Step 2: Check the consecutive late condition with 'LLL' not in s

• Look for substring 'LLL' in "PPALLP"
• We have 'LL' at positions 3-4, but not 'LLL'
• Is 'LLL' NOT in the string? Yes ✓

Step 3: Combine with and

• Both conditions are True
• Result: True (student qualifies for the award)

Example 2: s = "PPALLL"

Step 1: Check s.count('A') < 2

• Count of 'A' = 1
• Is 1 < 2? Yes ✓

Step 2: Check 'LLL' not in s

• Look for substring 'LLL' in "PPALLL"
• Found 'LLL' at positions 3-5
• Is 'LLL' NOT in the string? No ✗

Step 3: Combine with and

• First condition is True, second is False
• Result: False (student doesn't qualify - too many consecutive lates)

Example 3: s = "AAPPALL"

Step 1: Check s.count('A') < 2

• Scan: A-A-P-P-A-L-L
• Count of 'A' = 3
• Is 3 < 2? No ✗

Step 2: Check 'LLL' not in s

• No need to check (first condition already failed)
• For completeness: 'LLL' is not in the string

Step 3: Combine with and

• First condition is False
• Result: False (student doesn't qualify - too many absences)

The solution efficiently handles all cases by checking both rules in a single return statement, immediately identifying whether a student qualifies for the attendance award.

Solution Implementation

Time and Space Complexity

Time Complexity: O(n)

The time complexity is linear where n is the length of the string s. This is because:

• s.count('A') iterates through the entire string once to count occurrences of 'A', which takes O(n) time
• 'LLL' not in s performs a substring search that in the worst case needs to check each position in the string, which takes O(n) time for the pattern of fixed length 3
• These two operations are performed sequentially (not nested), so the overall time complexity remains O(n)

Space Complexity: O(1)

The space complexity is constant because:

• The count() method only uses a counter variable to track the number of 'A's
• The substring search 'LLL' not in s only needs constant extra space to perform the pattern matching
• No additional data structures that scale with input size are created
• The function only returns a boolean value

Learn more about how to find time and space complexity quickly.

Common Pitfalls

1. Misunderstanding the Absence Requirement

A common mistake is interpreting "less than 2 days" as "at most 2 days" and writing:

# WRONG - This allows 2 absences
return s.count('A') <= 2 and 'LLL' not in s

The correct condition is s.count('A') < 2, which means the student can have 0 or 1 absence only.

2. Incorrect Consecutive Late Check

Some developers try to manually check for consecutive lates using loops or counters:

# WRONG - Overly complex and error-prone
late_count = 0
for char in s:
    if char == 'L':
        late_count += 1
        if late_count >= 3:  # Bug: doesn't reset counter
            return False
    # Missing: else late_count = 0
return s.count('A') < 2

This approach often forgets to reset the counter when a non-'L' character is encountered.

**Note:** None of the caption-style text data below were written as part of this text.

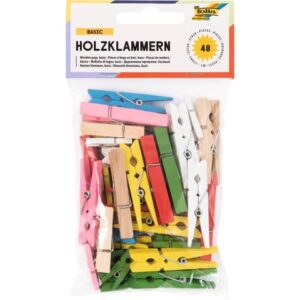Wäscheklammer - Holz, farbgig sortiert, 48 Stück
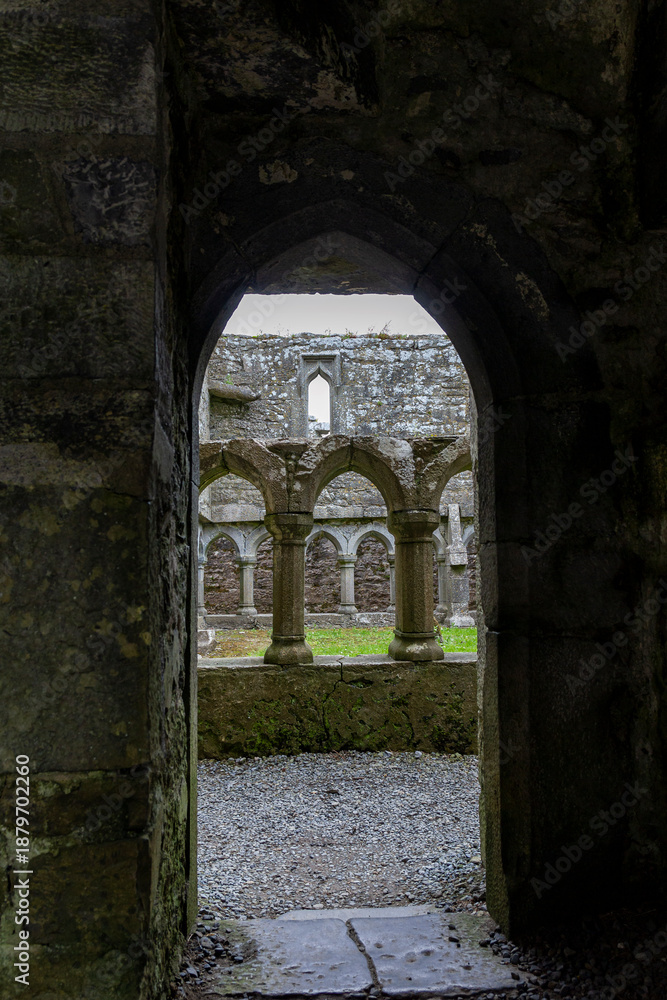 Fototapeta premium detail view inside the famous ruin of Ross Errily Friary in the north of ireland, county Galway 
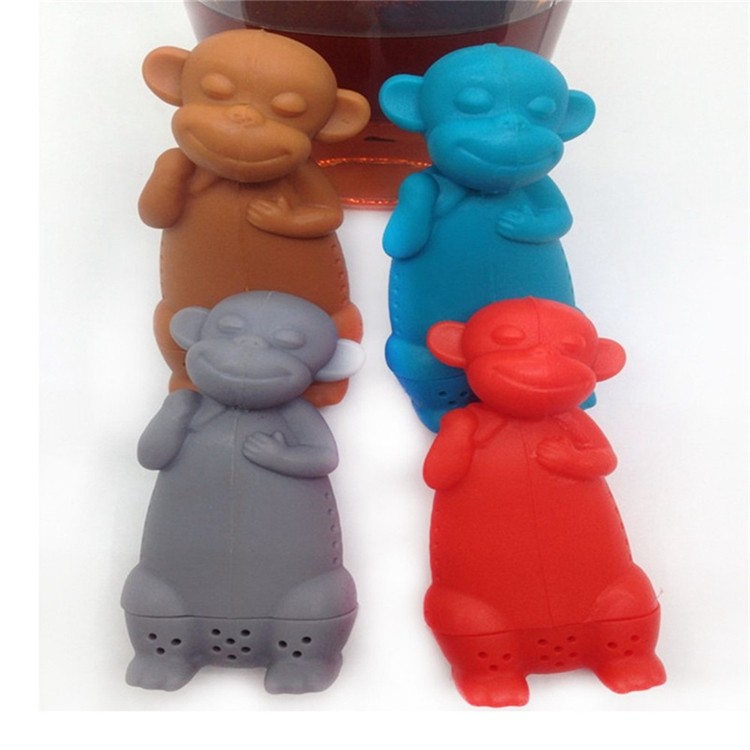 Eco-friendly Food Grade Customized coffee drink monkey Silicone Tea Infuser Mug Bottle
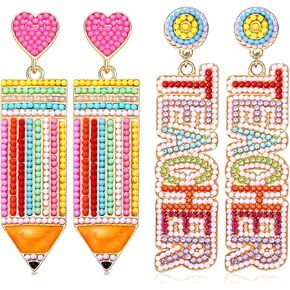 2/3Pairs Teacher Earrings for Women Beaded Pencil Dangle Earrings Statement Apple Book Drop Earrings Teacher Appreciation Gifts Back To School Jewelry Set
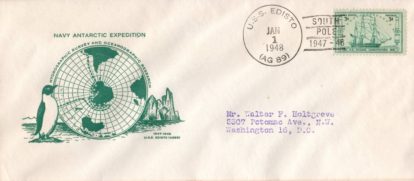 USS Edisto printed artwork postmarked at the South Pole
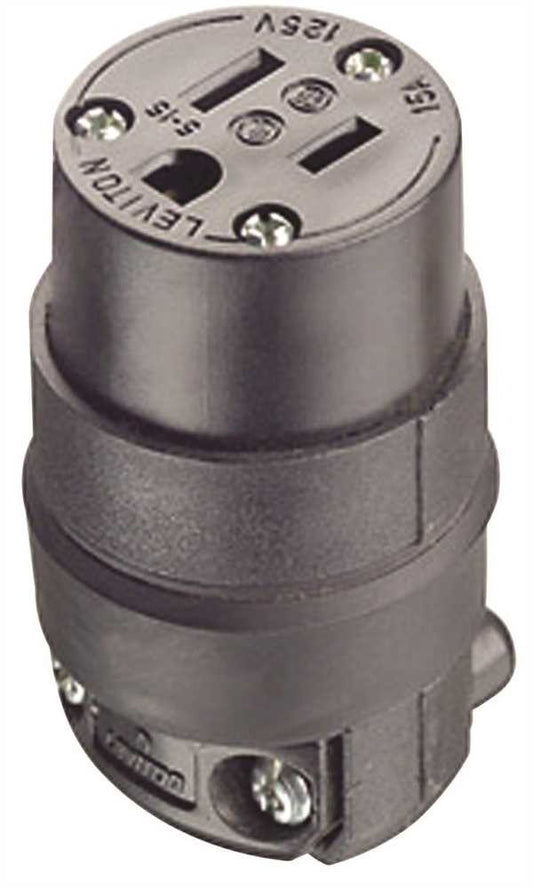 Leviton 15 Amp, 125 Volt, Cord Outlet, Rubber, Grounding, 515CR, Black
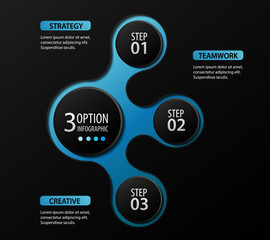  3 options, steps or processes 3D digital illustration Infographic and marketing icons vector can be used for workflow layout, diagram, annual report, web design in black and blue color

Solution: Use the simpler substring check 'LLL' not in s which handles all edge cases automatically.

3. Using OR Instead of AND

Another mistake is using or operator instead of and:

# WRONG - Student must meet BOTH conditions, not just one
return s.count('A') < 2 or 'LLL' not in s

This would incorrectly award a student who has 3 consecutive lates but no absences.

4. Case Sensitivity Issues

If the input isn't guaranteed to be uppercase, forgetting to handle case sensitivity:

# WRONG if input could be lowercase
return s.count('A') < 2 and 'LLL' not in s

Solution: Normalize the input first if needed:

s = s.upper()
return s.count('A') < 2 and 'LLL' not in s

5. Not Handling Empty Strings

While the current solution correctly handles empty strings (returns True), some manual implementations might not consider this edge case. An empty attendance record should qualify for the award since there are no violations.